Ruang politik perlu adanya kesetaraan demi memastikan representasi yang lebih inklusif . Pada umumnya, yang memegang kendali hukum ialah kaum laki-laki. Padahal adanya keterlibatan perempuan akan memunculkan banyak perpektif dan pengalaman berbeda. Walhasil pengambilan keputusan dapat berlaky dengan baik, adil, dan tepat sasaran secara menyeluruh. Hal ini tentunya sangat relevan dalam merumuskan kebijakan pemerintahan yang berdampak pada berbagai aspek; pendidikan, kesehatan, dan sosial.
Pengaruh Dominasi
Tantangan utama yang menjadi hambatan ialah stereotipe gender tentang perempuan. Hal itu masih kuat bahkan membudaya di dalam berbagai ragam kebudayaan masyarakat kita. Perempuan masih teranggap kurang cocok, apalagi mampu, memimpin dan memegang tanggung jawab menyangkut banyak pihak. Diskriminasi masih sering kali menghalangi perempuan untuk dapat mencalonkan diri ikut andil dan berpartisipasi dalam proses politik.
Untuk mencapai kesetaraan perlu upaya sistematis dan terkoordinasi. Dengan itu, berpotensi meningkatkan kesadaran berbagai pihak bahwa perempuan bukan kaum yang lemah. Bahkan, bilamana mendapat kesempatan, turut terlibat dalam hal menyangkut kepentingan banyak orang.

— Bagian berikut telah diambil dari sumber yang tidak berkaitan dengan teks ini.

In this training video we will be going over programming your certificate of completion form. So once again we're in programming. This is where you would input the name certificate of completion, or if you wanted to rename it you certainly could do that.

Pemerintah telah mencanangkan Undang-Undang Nomor 2 Tahun 2008 tentang Partai Politik mengatur syarat pendirian paspol di Pasal 2 menyatakan setidaknya menyertakan 30% keterwakilan perempuan. Namun kenyataannya tingkat keterwakilan perempuan dalam parlemen masih di bawah 30%. Perlu ada kesadaran bahwa memilih pemimpin atau wakil rakyat harus berdasar kualitasnya, bukan jenis kelaminnya. Artinya perempuan pun bisa bertanggung jawab dan sanggung menduduki jabatan-jabatan terdominasi laki-laki tersebut.
Dengan demikian, kesetaraan gender dalam bidang politik bukan hanya masalah keadilan tetapi juga kebutuhan untuk menciptakan masyarakat yang lebih inklusif dan berkelanjutan. Dengan melibatkan perempuan dalam pengambilan keputusan politik, kita dapat memastikan bahwa kebijakan yang terumuskan mencerminkan kebutuhan dan aspirasi semua anggota masyarakat. Meskipun masih banyak tantangan yang harus terhadapi melalui pendidikan, kebijakan yang mendukung, dan partisipasi aktif dari semua pihak, kesetaraan gender dalam politik dapat menjadi kenyataan.